Re: Optimizing aggregates

From: Andres Freund <andres(at)anarazel(dot)de>
To: Heikki Linnakangas <hlinnaka(at)iki(dot)fi>
Cc: pgsql-hackers <pgsql-hackers(at)postgresql(dot)org>
Subject: Re: Optimizing aggregates
Date: 2016-08-31 15:51:53
Message-ID: 20160831155153.5tnt4z5lzjhsjzlw@alap3.anarazel.de
Views: Raw Message | Whole Thread | Download mbox | Resend email
Thread:
Lists: pgsql-hackers

Hi,

On 2016-08-31 17:47:18 +0300, Heikki Linnakangas wrote:
> # ........ ........ .......... .................
> ........................................
> #
> 25.70% 0.00% postmaster [unknown] [k] 0000000000000000
> 14.23% 13.75% postmaster postgres [.] ExecProject

> ExecProject stands out.

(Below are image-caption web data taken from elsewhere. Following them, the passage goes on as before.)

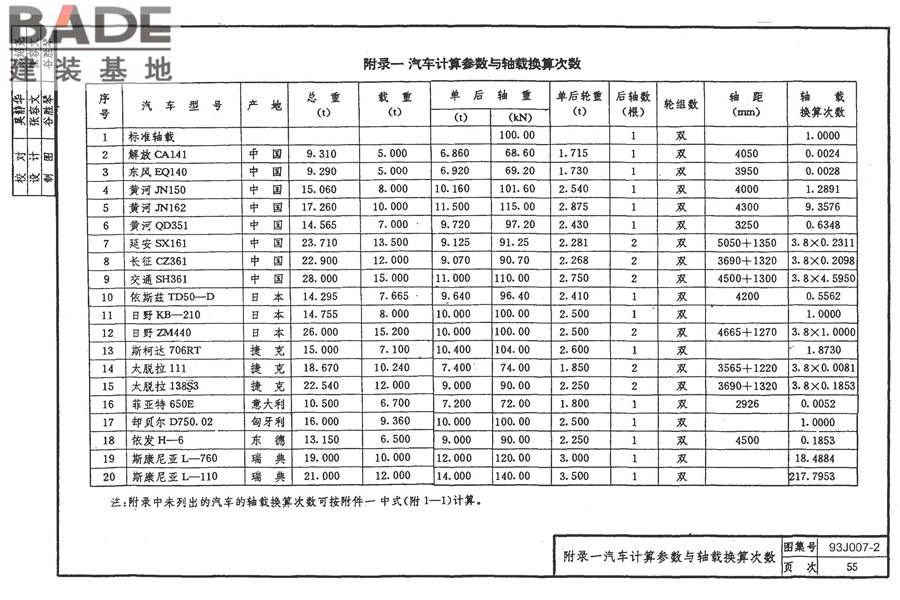 道路 行驶普通车的水泥混凝土路面_页面_64.jpg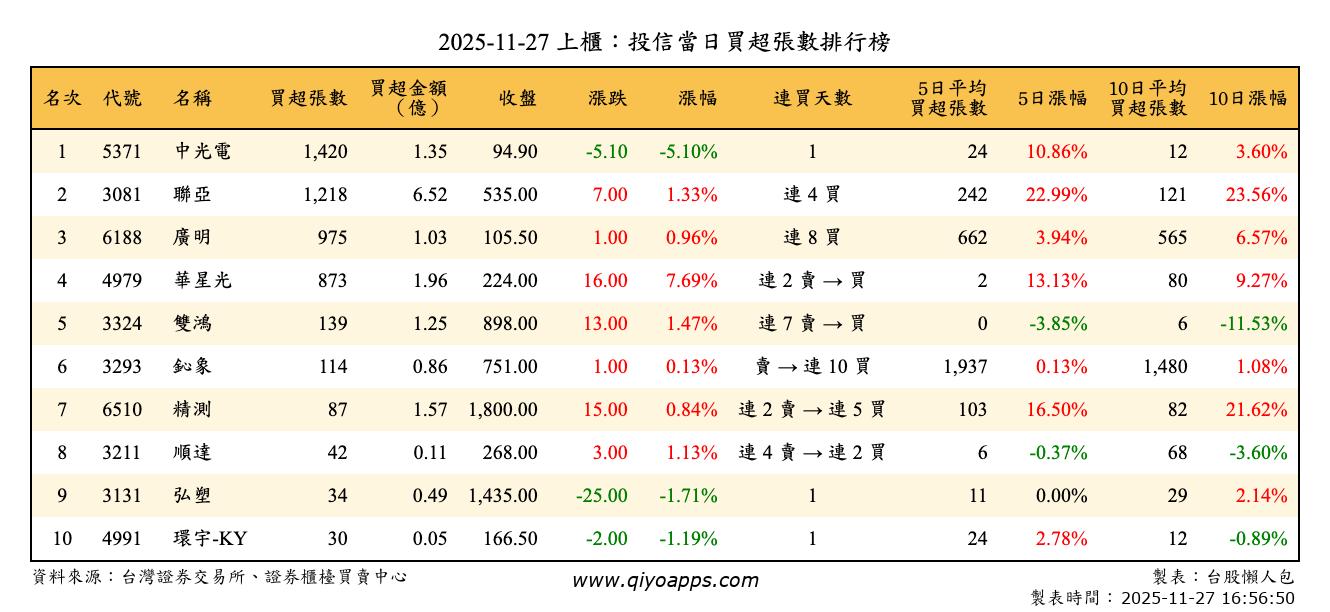上櫃：投信當日買超張數排行榜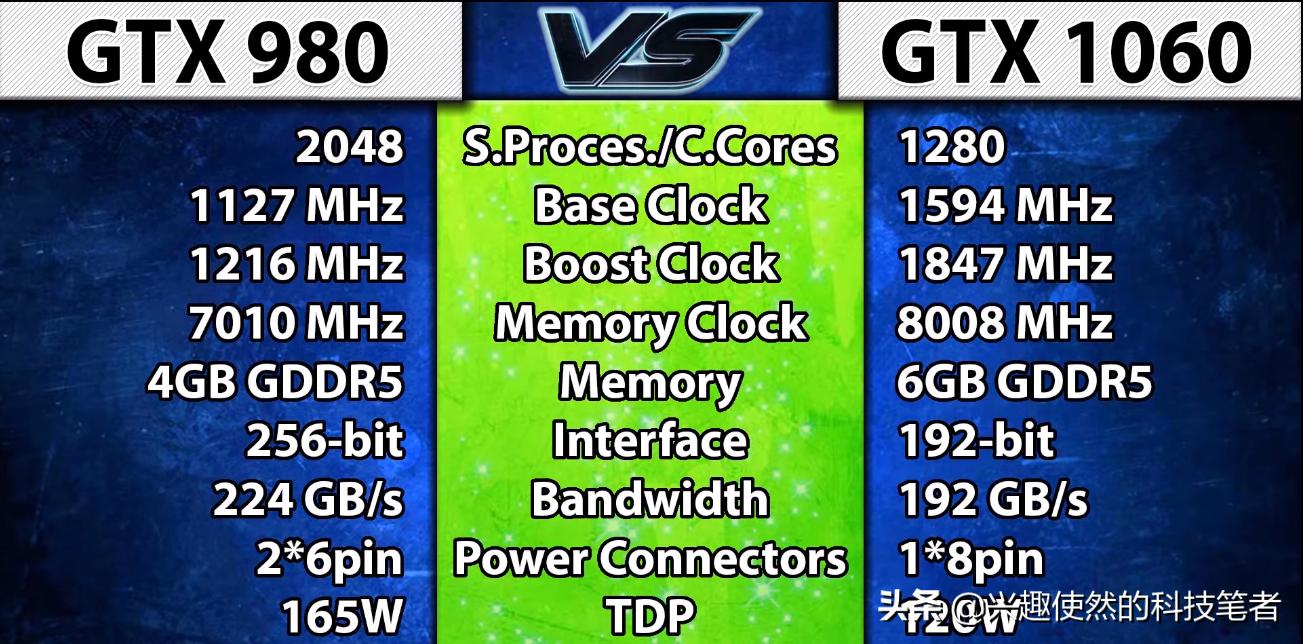 gtx980下一代是什么显卡,gtx9808g和gtx10606g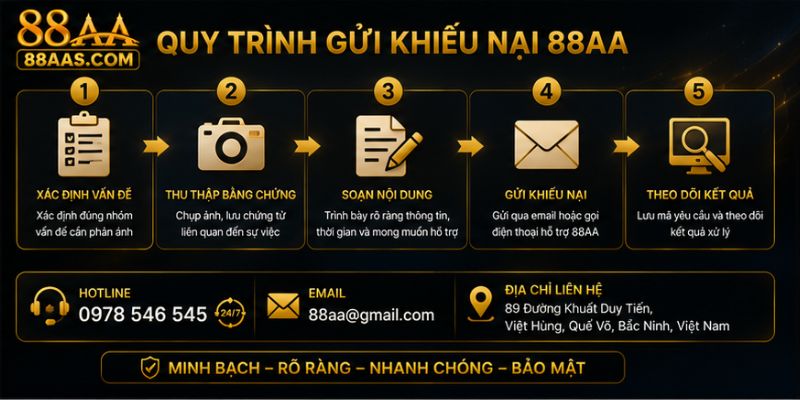 Quy trình gửi khiếu nại 88AA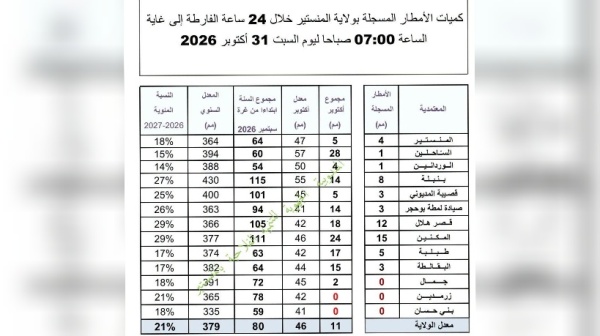 أمطار متفاوتة بولاية المنستير المكنين في الصدارة ومجموع التساقطات يبلغ 80 ملم منذ بداية الموسم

I find that pretty surprising.
>
> We're using ExecProject to extract the arguments from the input tuples, to
> pass to the aggregate transition functions. It looks like that's a pretty
> expensive way of doing it, for a typical aggregate that takes only one
> argument.
>
> We actually used to call ExecEvalExpr() directly for each argument, but that
> was changed by the patch that added support for ordered set aggregates. It
> looks like that was a bad idea, from a performance point of view.

I complained about that as well
http://archives.postgresql.org/message-id/20160519175727.ymv2y5tye4qgcmqx%40alap3.anarazel.de

> I propose that we go back to calling ExecEvalExpr() directly, for
> non-ordered aggregates, per the attached patch. That makes that example
> query about 10% faster on my laptop, which is in line with the fact that
> ExecProject() accounted for about 13% of the CPU time.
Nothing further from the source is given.